**ABOUT THIS TASK**
Before you return the lines below, strip out any images and keep every word as written.

**DATA SECTION**
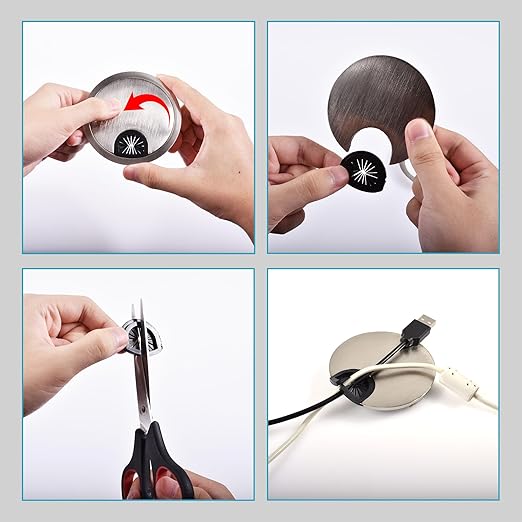 2 Pack Desk Grommet 3-1/8 Inch 80mm, Zinc Alloy Computer Desk Wire Hole Cover, Office Desktop Cord Cable Hole Metal Ring, Red Bronze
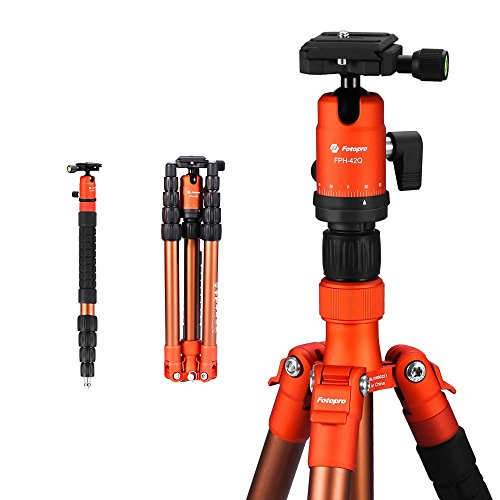 Fotopro DSLR Stativ 145 cm Aluminium 360 Grad Kugelkopf Schnellwechsel Platte Professionelles Kamera Stativ für Canon…
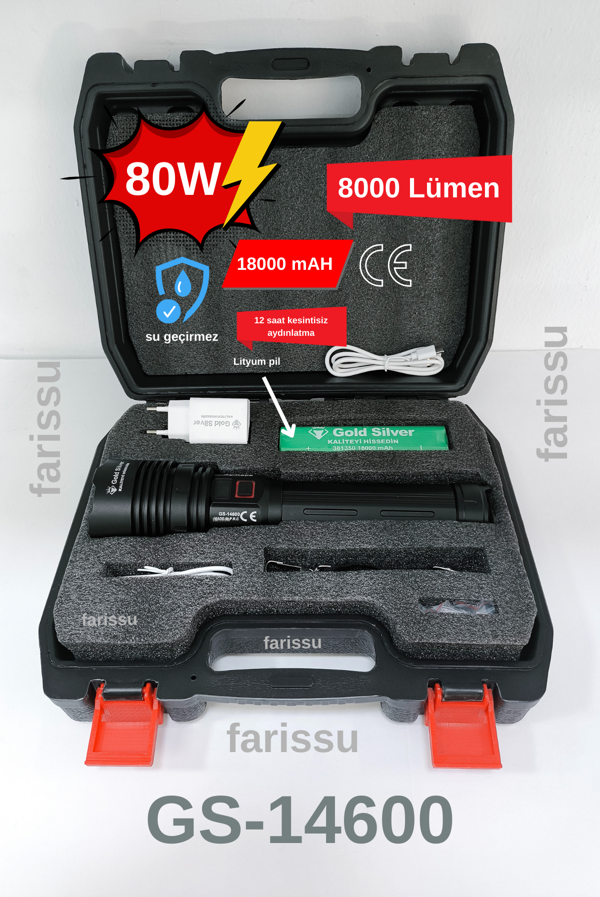 Gold Silver GS-14600 Şarjlı El Feneri | 80W 8000 Lümen - 18000 mAh Powerbank Özellikli - Image 1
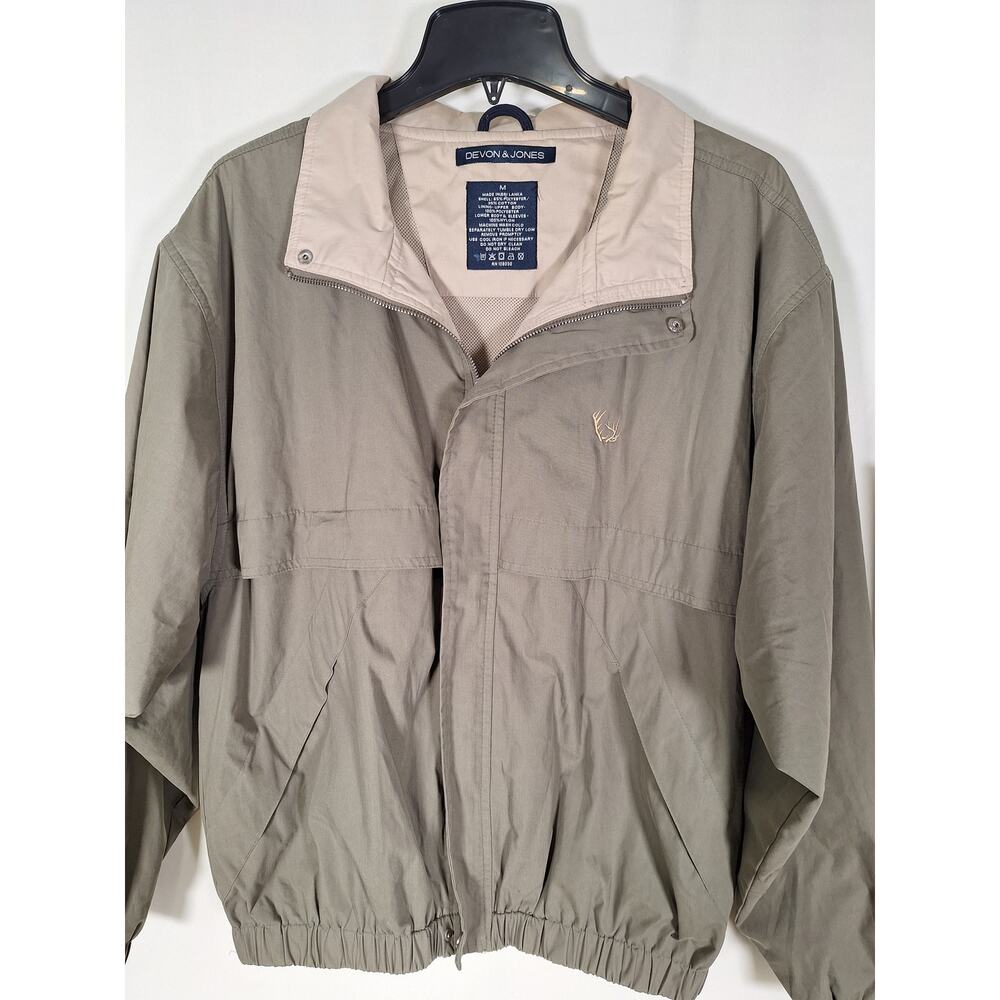 Devon & Jones Men's Green Zipper Windbreaker Jacket Size Medium - Picture 2 of 5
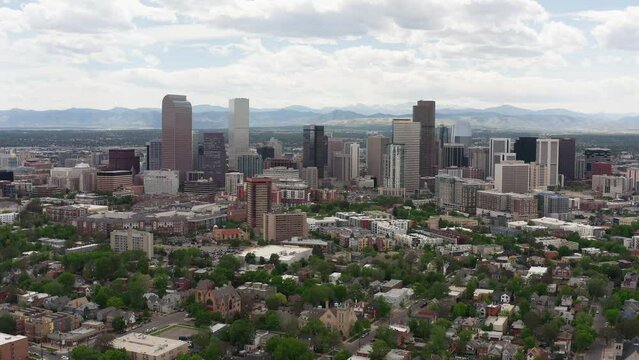 Denver Colorado Aerial City Denver Skyscraper Cityscape City Skyline 
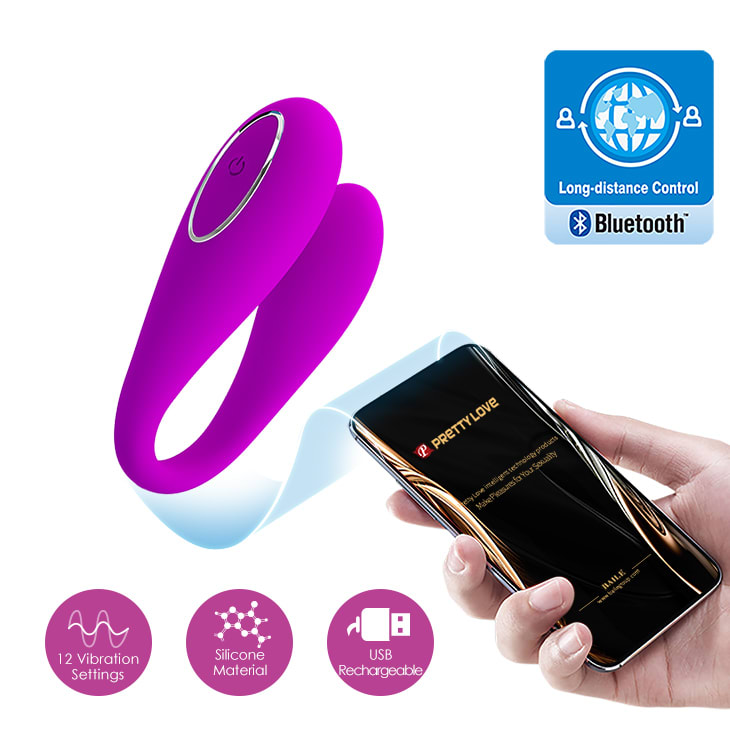 Vibrador de parejas con App August morado - Recargable1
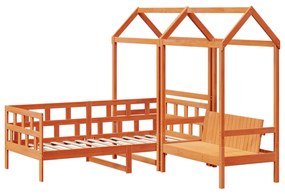 viaszbarna tömör fenyőfa kanapéágyszett tetővel 80 x 200 cm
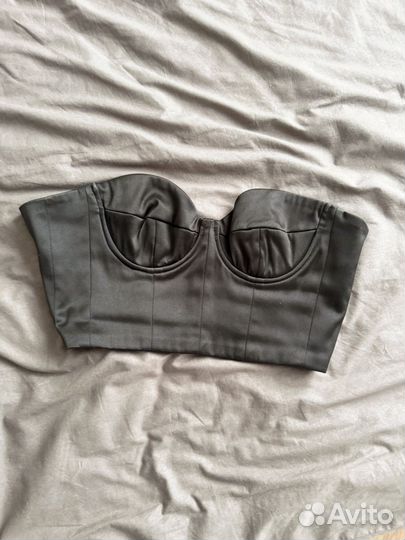 Корсет черный атласный S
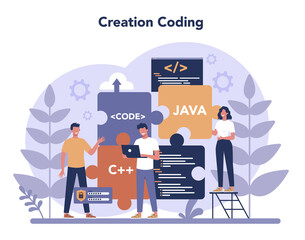 Software developer concept. Idea of programming and coding,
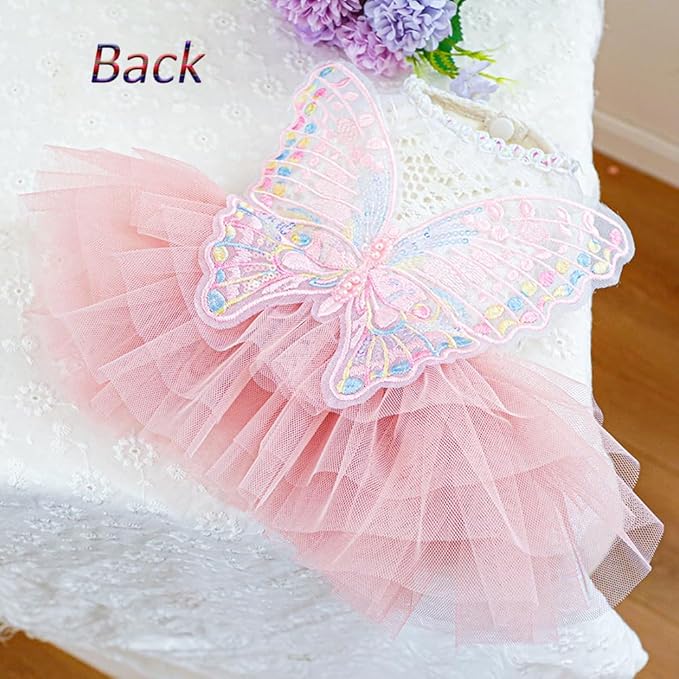 ANIAC Butterfly Dog Dress with Pink Tutu Funny Dog Clothes with Wing Girl Puppy Dress for Small Dogs Pet Butterfly Costume Holiday Cat Outfit for Halloween Birthday Wedding (Pink, X-Small)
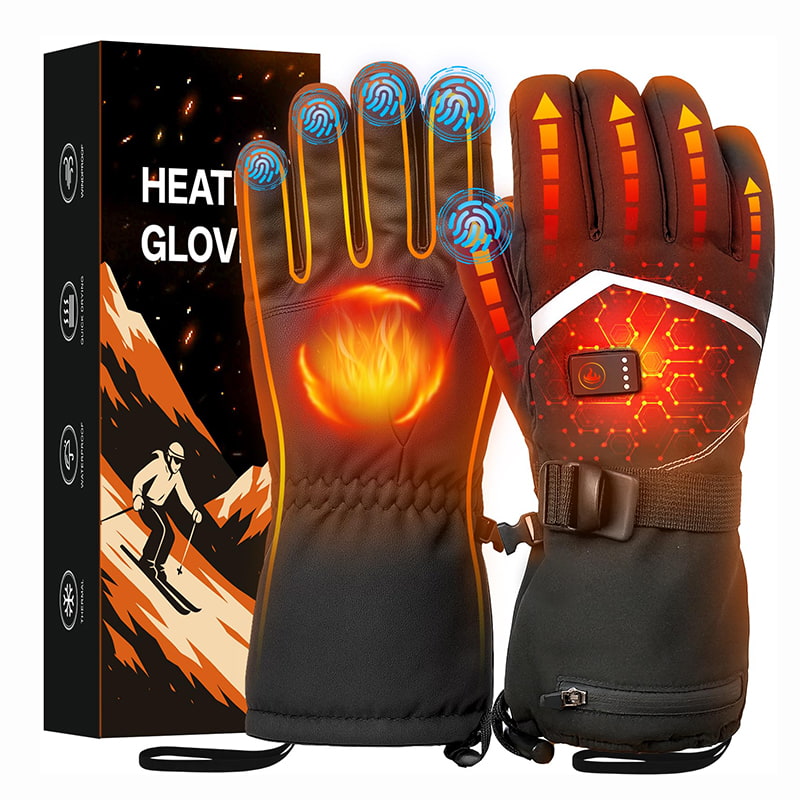ACEWARM heated gloves with retail packaging box, showing heating effect and touchscreen fingertips for skiing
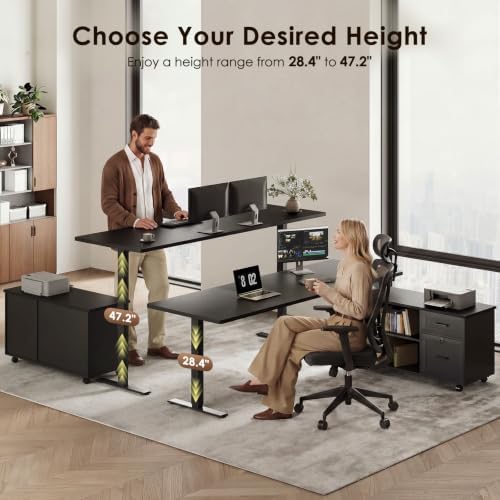 OffiGo 63 Inch L Shaped Electric Standing Desk with Cabinet Sets, Black - Image 5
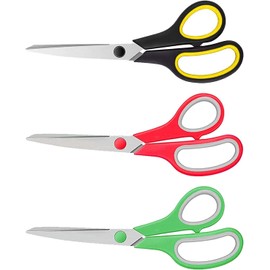 ZekPro 3 Pack All Purpose Scissors [Ultra Sharp] 8" Craft Scissors - Heavy Duty Sharp Blade - Bulk Sewing Scissor for Office, Fabric and School [Right Handed]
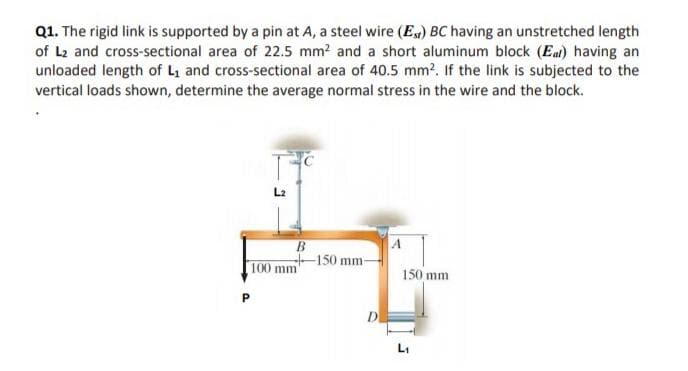 Q1. The rigid link is supported by a pin at A, a steel wire (E,) BC having an unstretched length
of L2 and cross-sectional area of 22.5 mm? and a short aluminum block (Eal) having an
unloaded length of L and cross-sectional area of 40.5 mm?, If the link is subjected to the
vertical loads shown, determine the average normal stress in the wire and the block.
L2
A
-150 mm-
100 mm
150 mm
P.
D
L1
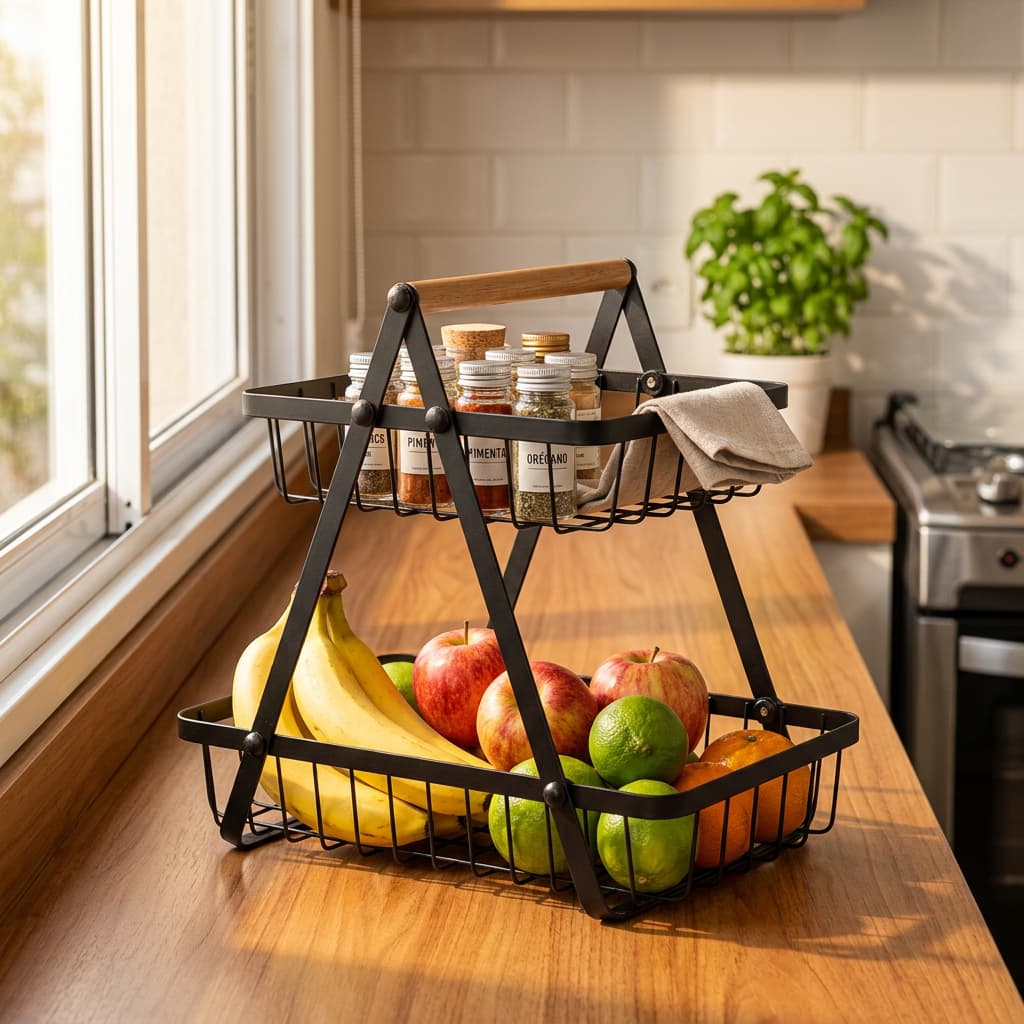 Fruteira De Mesa 2 Andares Metal Preto Alça Madeira Cesto Organizador Multiuso Frutas Legumes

**OUTPUT**
 2 Pack Desk Grommet 3-1/8 Inch 80mm, Zinc Alloy Computer Desk Wire Hole Cover, Office Desktop Cord Cable Hole Metal Ring, Red Bronze
 Fotopro DSLR Stativ 145 cm Aluminium 360 Grad Kugelkopf Schnellwechsel Platte Professionelles Kamera Stativ für Canon…
 Gold Silver GS-14600 Şarjlı El Feneri | 80W 8000 Lümen - 18000 mAh Powerbank Özellikli - Image 1
 Devon & Jones Men's Green Zipper Windbreaker Jacket Size Medium - Picture 2 of 5
 Denver Colorado Aerial City Denver Skyscraper Cityscape City Skyline 
 Vibrador de parejas con App August morado - Recargable1
 viaszbarna tömör fenyőfa kanapéágyszett tetővel 80 x 200 cm
 Корсет черный атласный S
 Software developer concept. Idea of programming and coding,
 ANIAC Butterfly Dog Dress with Pink Tutu Funny Dog Clothes with Wing Girl Puppy Dress for Small Dogs Pet Butterfly Costume Holiday Cat Outfit for Halloween Birthday Wedding (Pink, X-Small)
ACEWARM heated gloves with retail packaging box, showing heating effect and touchscreen fingertips for skiing
 OffiGo 63 Inch L Shaped Electric Standing Desk with Cabinet Sets, Black - Image 5
 ZekPro 3 Pack All Purpose Scissors [Ultra Sharp] 8" Craft Scissors - Heavy Duty Sharp Blade - Bulk Sewing Scissor for Office, Fabric and School [Right Handed]
 Q1. The rigid link is supported by a pin at A, a steel wire (E,) BC having an unstretched length
of L2 and cross-sectional area of 22.5 mm? and a short aluminum block (Eal) having an
unloaded length of L and cross-sectional area of 40.5 mm?, If the link is subjected to the
vertical loads shown, determine the average normal stress in the wire and the block.
L2
A
-150 mm-
100 mm
150 mm
P.
D
L1
 Fruteira De Mesa 2 Andares Metal Preto Alça Madeira Cesto Organizador Multiuso Frutas Legumes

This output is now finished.